# Meine Musik



## diecheckernudel (20. März 2014)

So ich wollte euch mal meine eigenproduzierte Musik etwas näherbringen...
Würde mich über ein Feedback und Anregungen freuen 

Soundcloud
Mixcloud


----------



## Erok (20. März 2014)

Lass mich raten.... Paul van Dyk, Sven Väth, Westbam und die Love-Parade zu Zeiten, als sie noch Berlin nieder tanzte, prägten Dich ? 

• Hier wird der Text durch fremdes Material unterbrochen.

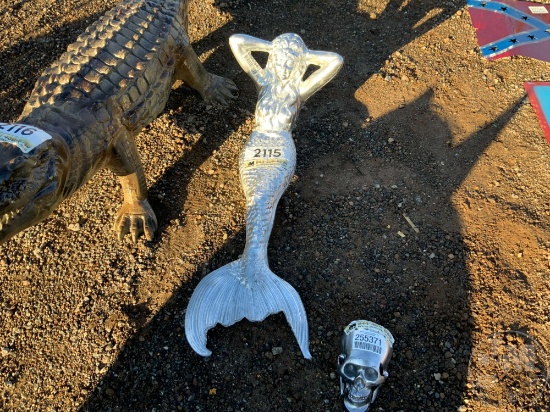 ALUMINUM MERMAID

Hört sich auf jedenfall gut an, und das schreibt Dir jemand, der eigentlich eher der Punkrocker ist, aber die ein oder andere Loveparade und Frankfurter Tunnel-Rave`s mitgemacht hat 

Mir gefällts auf jedenfall 

Greetz Erok


----------



## diecheckernudel (20. März 2014)

Danke 
Ja auch wenn ich da noch sehr sehr jung war, gehört hatte ich sowas damals auf jeden Fall.
Vielleicht sagt dir Schiller etwas, das habe ich immmer rauf und runter gehört.

Aber auch aktuelle elektronische Musik kann sehr vielfältig und ansprechend sein.
Nur wenn es dann nach 1-2 Jahren auf einmal im Radio läuft (Bsp. One Day, Animals, etc.), kann ich mir das nicht mehr anhören.


----------